Get to know Nina

Mission Statement


Safeguarding cultural landscapes involves recognizing the complex connections between people and nature, preserving not only the land itself but also the heritage stories and identities embedded within it. My mission is to bridge engineering, historic preservation and climate resilience to co-develop sustainable and culturally sensitive solutions with communities to protect their landscapes and associated heritage from climate hazards.


About Nina

UNESCO stated that biodiversity and nature have profound cultural and spiritual dimensions. We have entered a defining moment where accelerated climate change impacts, such as sea level rise, are greatly affecting these dimensions including the lives, places and cultures of communities worldwide. My work as a Ph.D. Candidate in University of Miami’s Department of Civil and Architectural Engineering is rooted in the belief that protecting our landscapes and heritage requires a transdisciplinary approach. An approach the not only requires interdisciplinary methodologies but further extends to integrate communities in co-producing climate resilience solutions for cultural landscape protection, especially the intangible facets of societal and landscape relationships. My main research focus is in human-nature coupled systems, specifically cultural landscapes, and the cultural heritage that arises out of these systems. I am currently devising a mix-methods assessment to holistically quantify cultural landscape resilience from a relational values lens.

Prior to my doctoral research, I spent 8+ years as a structural engineer, specializing in the rehabilitation and restoration of heritage sites spanning the U.S. northeast region. During this career, I have supported various communities, private sector partners, non-profits, and municipal agencies in solving preservation and engineering issues that range from historic structure reports and assessments, repair and rehabilitation design, resilience & cultural resource education, and community engagement and relationship building with industry professionals.

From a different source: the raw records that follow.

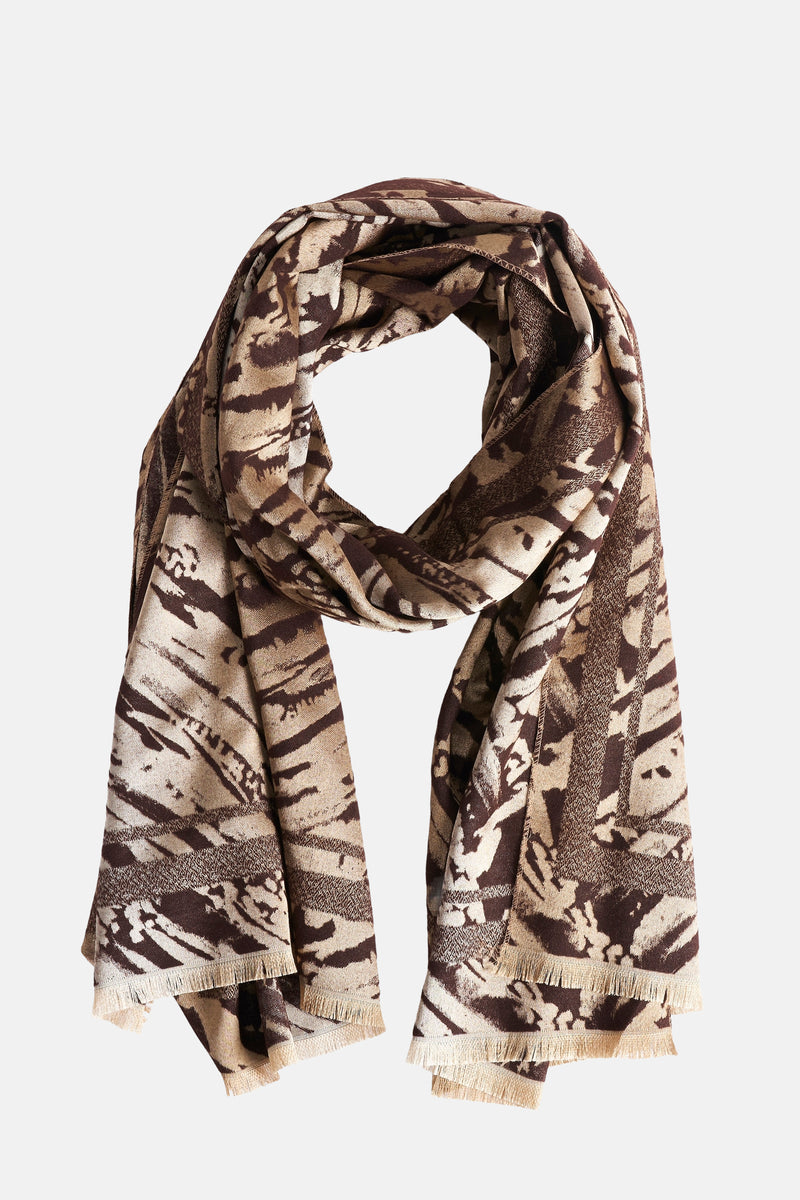 Bruine Access® sjaal, met beige en bruin abstract patroon en decoratieve franjes.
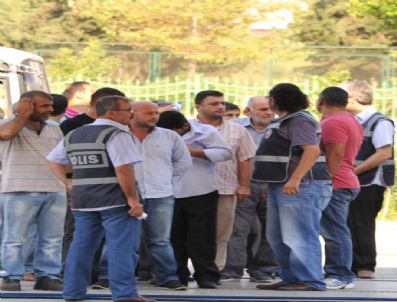 Antalya`da Oto Hırsızlığı Çetesi Çökertildi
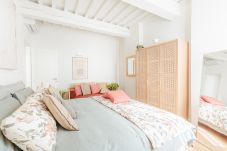 Appartement à Lucques - 2 Bedrooms Apartment with Elevator in a Smart Location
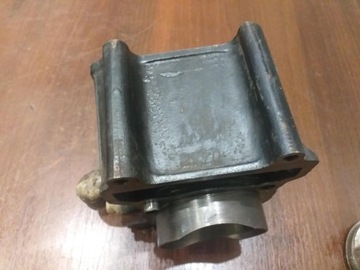 КОМПЛЕКТ ЦИЛИНДРОВ + ПОРШЕНЕЙ LINHAI HYTRACK 550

My shift back to academia came out of my passion to bridge engineering, cultural heritage protection and climate resilience such that scientific approaches can be integrated with the generational knowledge of communities worldwide. I serve as a research team member of the Coastal Heritage at Risk Taskforce (CHART), a taskforce foundationally created from a decolonial public anthropology project known as the Untold Stories at Risk: Coastal Heritage, Site Risk Assessment, and Educational Outreach. I additionally currently serve as board of directors member of both Castalia STEAM Education Outdoor Center as well as the Archeology Society of South Florida.

In my downtime, I enjoy sailing around Key Biscayne in the greater Miami area. I am ASA 101 Basic Keelboat certified and I am currently working on my ASA 103 and 104 certifications. All of this would not have been possible without my volunteer work with Shake-A-Leg Miami. Shake-A-Leg is a non profit organization that provides adaptative watersports for those who have physical and intellectual disabilities.

Key Tenets

By co-producing and reflecting on the principle values that drive my mission, I continue to strive for a culture of care and stewardship with communities through the following five tenets:

  • For climate solutions to be utilized effectively in aiding communities to allocate resources to protect what is most significant to them, it is imperative that communities are at the forefront to co-create and co-produce knowledge. This is why a transdisciplinary approach rooted in principles of care is at the foundation of the work I do.

  • Often times, well-intentioned preservation and climate organizations utilize the term “empower” when referring to helping communities. My aim is to not empower community because this suggests that the power never existed within the community when it always has. My role is to not only show that community that power but facilitate its use effectively for community-based climate solutions protecting their heritage. Furthermore, solutions also need to consider cultural sensitivities as each community is different and has varied approaches to heritage protection.

  • Community based research has often been extractive and lacking in follow-up with community and publishing deliverables without community consent. This often leads communities to be skeptical and protective in determining who they allow to into the community. Moreso, this extractive work leaves no space to consider culturally sensitive issues, negative history and potential reconciliatory efforts thereof. Therefore, I believe it is incredibly important to spend the time necessary building trust and rapport with the community to fully understand not only what they value about their heritage but the challenges they are facing to protect it.

  • Knowledge exchange and education is so critical as we are all teaching each other key facets about our stories and heritage that were not known before. When it comes to complex issues that may impact our heritage, it is important that we build education and awareness to not only highlight those issues but encourage communities to act as such with climate change and social justice.

  • As a people of this world, I believe we are responsible to steward it and each other and provide the best protective means to make our communities more resilient to future impacts of climate change. A great degree of this work involves minimizing our footprint on the environment and building a more resilient and sustainable future for our children.